What gets me is that the section on verbs - the most complex and difficult part of the grammar - shows no intelligent understanding on the part of the authors. For example, one of the reasons I bought a meatier grammar like this was in the expectation that there would be an explanation of the difference between the present subjunctive and future subjunctive - a point which has always confused me. The book helpfully explains that the present subjunctive is for "actions referring to a present/future situation" while the future subjunctive is for "eventuality of a future action". It then goes on to say that it often follows words referring to a future or uncertain action e.g. se (if), but you can't use rules of thumb like that because both other subjunctive tenses and indeed the indicative can follow se. The authors waste a lot of space groping towards an explanation by using examples when what the reader needs is an understanding of the conceptual difference between the tenses. A quick look in Manuela Cook's excellent "Portuguese Verbs Explained" made everything clear: "[the future subjunctive should be used when] from the speaker's point of view, action will materialize or not depending on someone else's decision." It is possible to be clear and concise *and* explain how the language *works* not just how it *looks*.

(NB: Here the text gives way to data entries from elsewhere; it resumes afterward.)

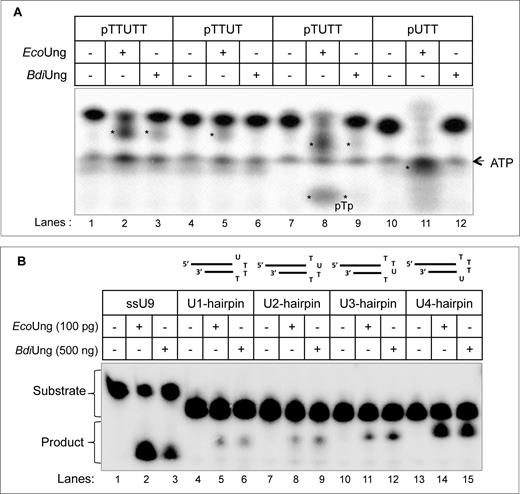 Excision of uracil from different structural contexts. Uracil excision assays with DNA oligomers (∼0.1 pmol each) containing a different number of nucleotides on either side of uracil (A) or with the hairpin DNA oligomers containing uracil in different positions in tetraloop (B) were carried out at 37°C as described in Materials and Methods. (A) Reactions were carried out with 1 μg of either protein (∼40 pmol EcoUng or ∼32 pmol BdiUng monomer) for 30 min. More than one product band is observed in some reactions because incomplete alkaline cleavage of AP site (first reaction leaves a semialdehyde residue on 3΄ end of 5΄ product and the second reaction removes it, producing a 3΄ phosphate on the 5΄ product; products are marked with asterisks). (B) Reactions were performed for 30 min with 100 pg (4 fmol) and 500 ng (∼16 pmol monomer) of EcoUng and BdiUng, respectively. Reaction products were resolved on 8 M urea PAGE (15%).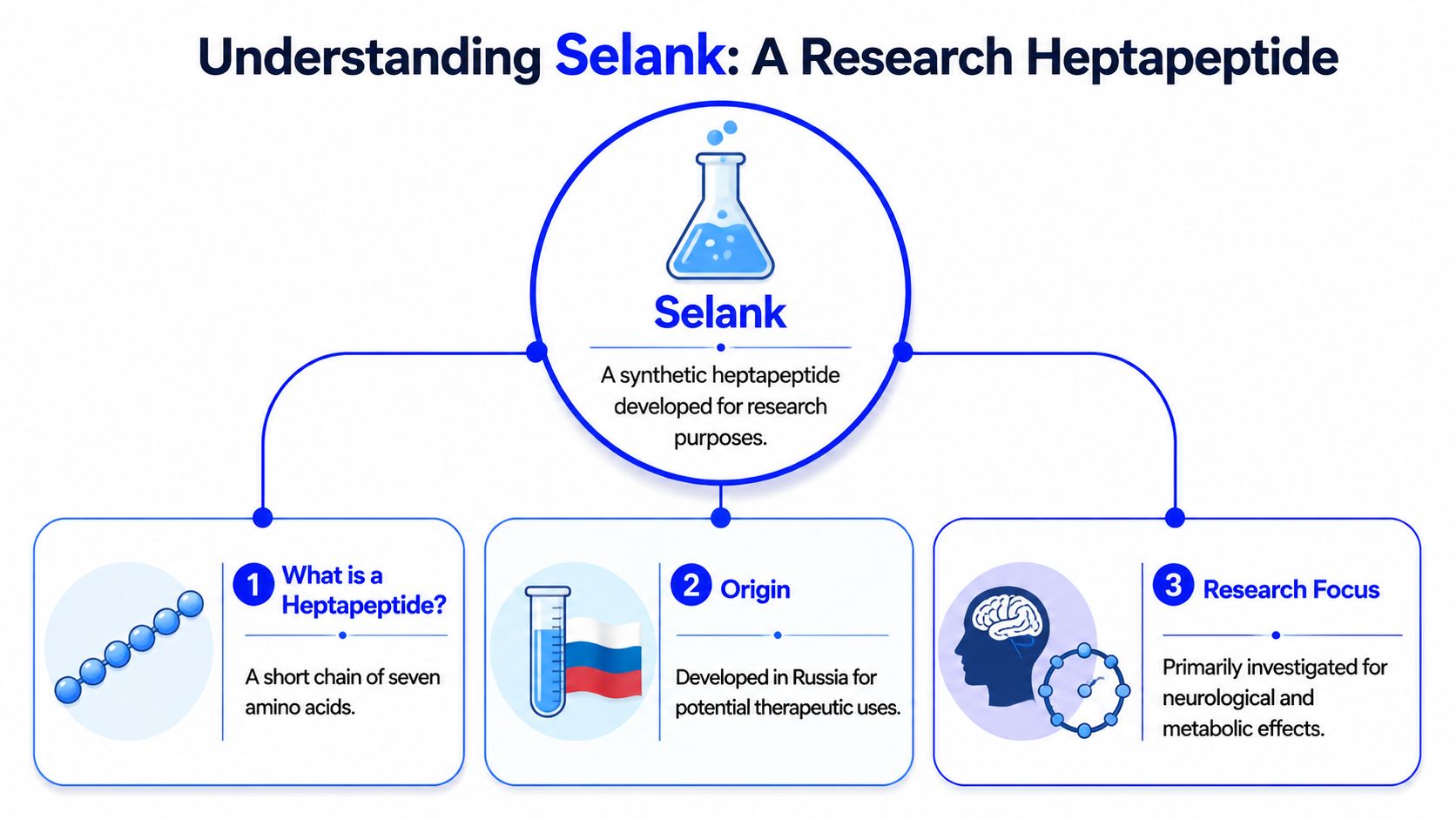 An infographic titled Understanding Selank explaining what the heptapeptide is, its Russian origin, and research focus.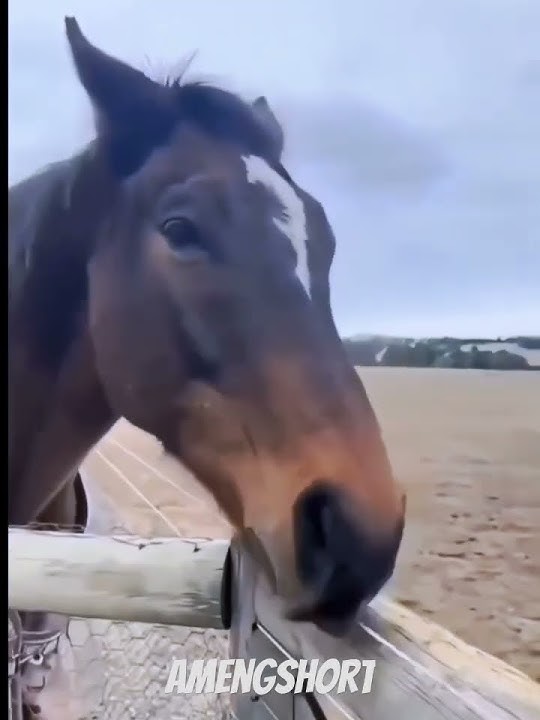 apa elo tega?✌️#shorts #song #laguviral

The other thing that annoys me about this book is that space is filled with lengthy and irrelevant vocabulary lists which are of little value. Firstly because they spell out the absolutely obvious e.g. "Está de acordo? - Do you agree?" and immediately below it "Não está de acordo? - Don't you agree?". Secondly it includes usages like this: "O que e isto? - What's this?" failing to warn the reader that in Brazil saying isto rather than isso is going to sound similar to "Dost thou know where the bus stop is?". Brazilian variants are treated in a separate section - of limited use because you have to learn the more extensive European version first, and then how Brazilian differs. Either do as Silva does and explain the variants together - thus guaranteeing that no points like this can be missed by the reader - or as Cook does and explain Brazilian as the standard, and treat the more complex Portuguese version as an extension. After all 89% of Portuguese speakers speak Brazilian dialect, and *100%* understand it (not true of Continental dialect).
So in conclusion... beginners: handle with care. Those with any prior knowledge of the language: avoid like the plague.